TASK MATERIAL -

* * * *

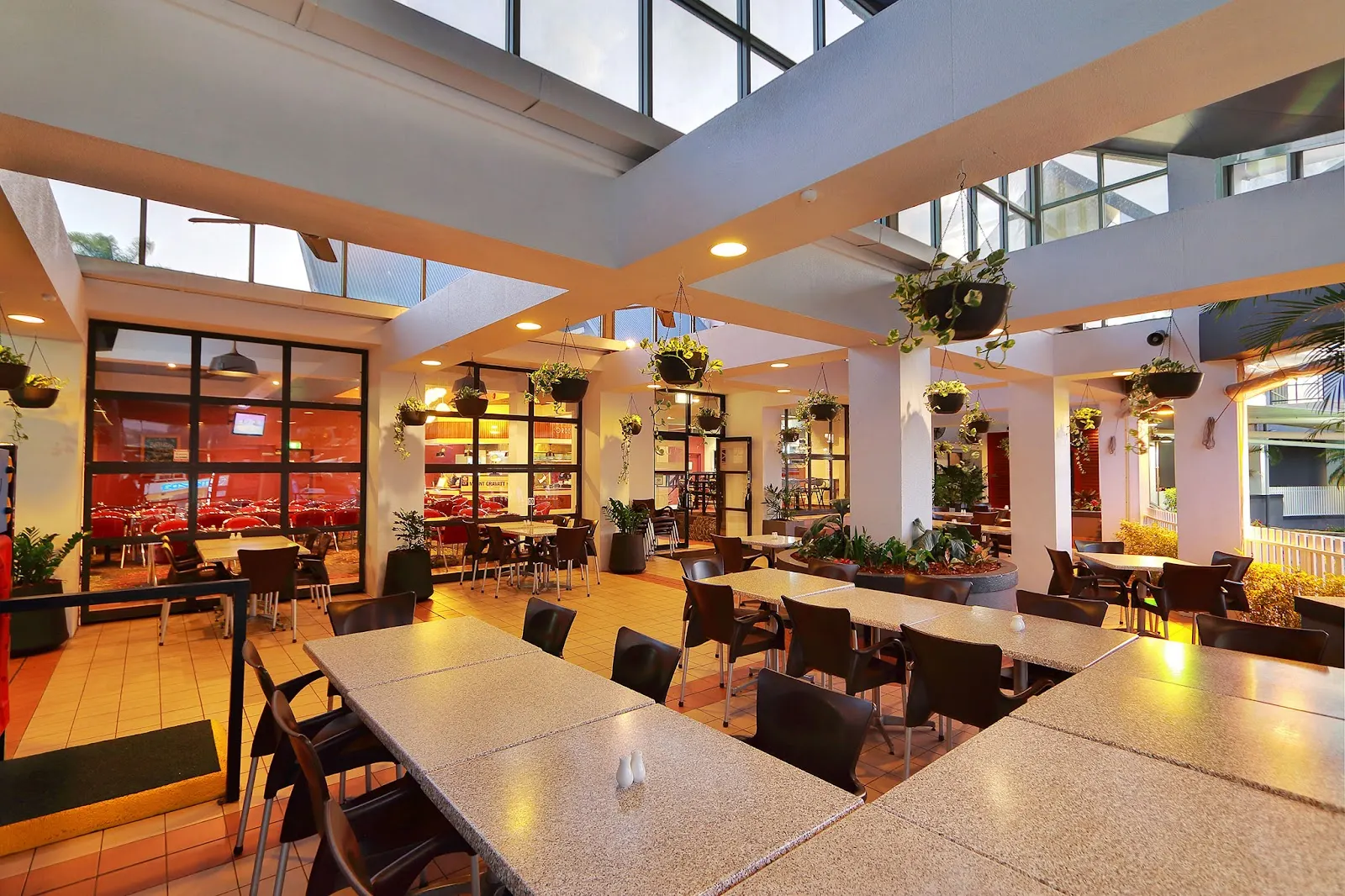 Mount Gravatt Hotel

* * * *

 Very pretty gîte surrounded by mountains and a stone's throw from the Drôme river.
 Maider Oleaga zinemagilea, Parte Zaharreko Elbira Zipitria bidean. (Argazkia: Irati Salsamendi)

* * * *

TASK DIRECTIONS - The exact lines of the material above starting at the one that contains "Very pretty gîte" and ending at the one that contains "Maider Oleaga zinemagilea, Parte" are what to retype; leave out everything else.

WORKED SOLUTION -
 Very pretty gîte surrounded by mountains and a stone's throw from the Drôme river.
 Maider Oleaga zinemagilea, Parte Zaharreko Elbira Zipitria bidean. (Argazkia: Irati Salsamendi)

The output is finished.